RECORDS PROVIDED —
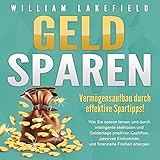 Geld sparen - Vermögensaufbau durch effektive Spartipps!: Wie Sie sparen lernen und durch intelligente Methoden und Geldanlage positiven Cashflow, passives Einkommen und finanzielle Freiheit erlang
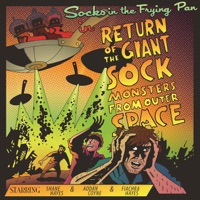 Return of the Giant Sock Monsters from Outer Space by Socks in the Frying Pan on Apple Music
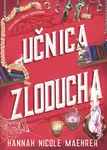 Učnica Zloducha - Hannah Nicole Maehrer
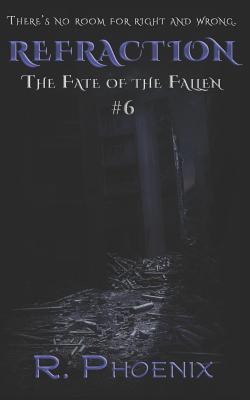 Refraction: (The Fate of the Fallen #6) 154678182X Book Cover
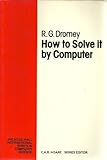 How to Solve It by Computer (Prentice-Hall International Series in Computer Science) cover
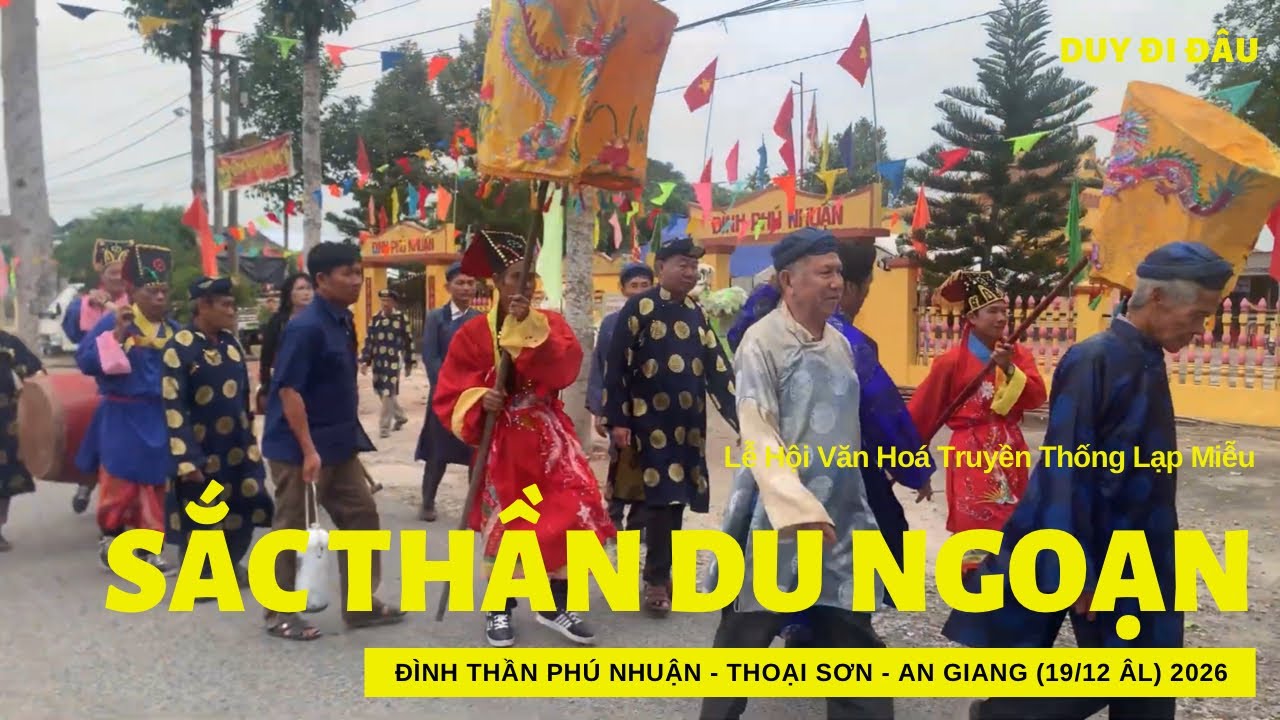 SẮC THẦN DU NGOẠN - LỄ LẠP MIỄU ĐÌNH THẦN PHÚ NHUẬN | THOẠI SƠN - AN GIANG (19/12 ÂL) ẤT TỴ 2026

--

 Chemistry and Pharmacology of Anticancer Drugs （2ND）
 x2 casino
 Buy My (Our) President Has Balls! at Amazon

...

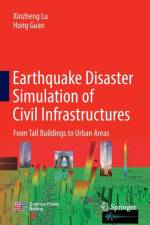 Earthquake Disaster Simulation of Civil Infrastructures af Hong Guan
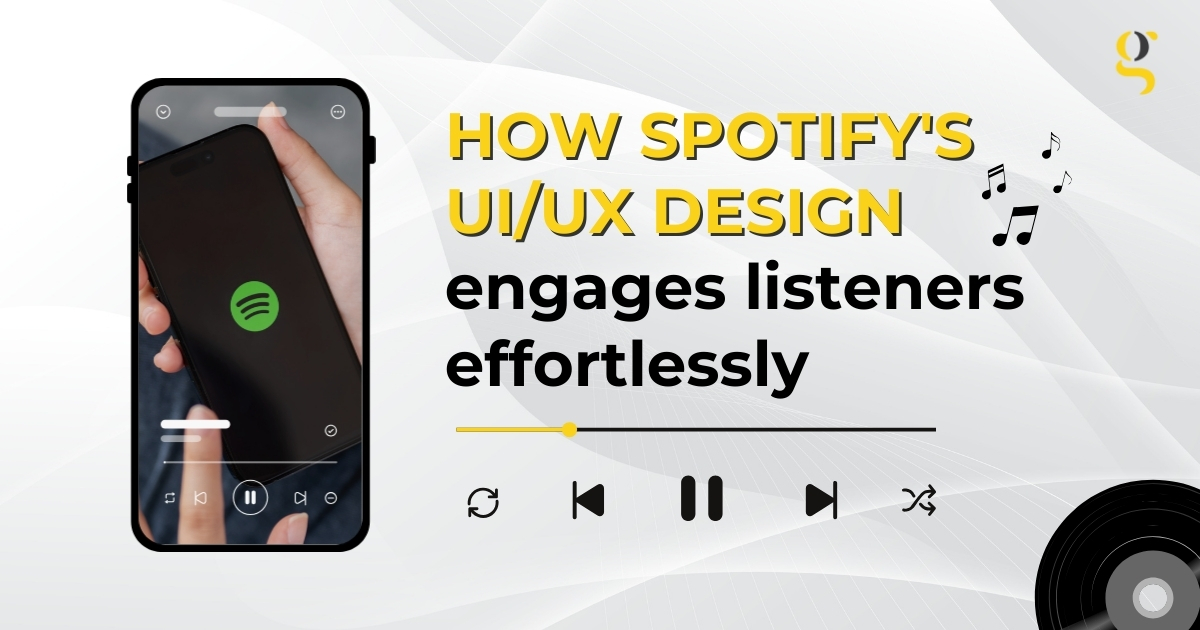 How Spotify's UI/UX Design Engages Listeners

ASSIGNMENT — Without the pictures, set down the lines above from the line with "Geld sparen - Vermögensaufbau" up to and including the line with "SẮC THẦN DU" exactly as they stand.

EXPECTED OUTPUT —
 Geld sparen - Vermögensaufbau durch effektive Spartipps!: Wie Sie sparen lernen und durch intelligente Methoden und Geldanlage positiven Cashflow, passives Einkommen und finanzielle Freiheit erlang
 Return of the Giant Sock Monsters from Outer Space by Socks in the Frying Pan on Apple Music
 Učnica Zloducha - Hannah Nicole Maehrer
 Refraction: (The Fate of the Fallen #6) 154678182X Book Cover
 How to Solve It by Computer (Prentice-Hall International Series in Computer Science) cover
 SẮC THẦN DU NGOẠN - LỄ LẠP MIỄU ĐÌNH THẦN PHÚ NHUẬN | THOẠI SƠN - AN GIANG (19/12 ÂL) ẤT TỴ 2026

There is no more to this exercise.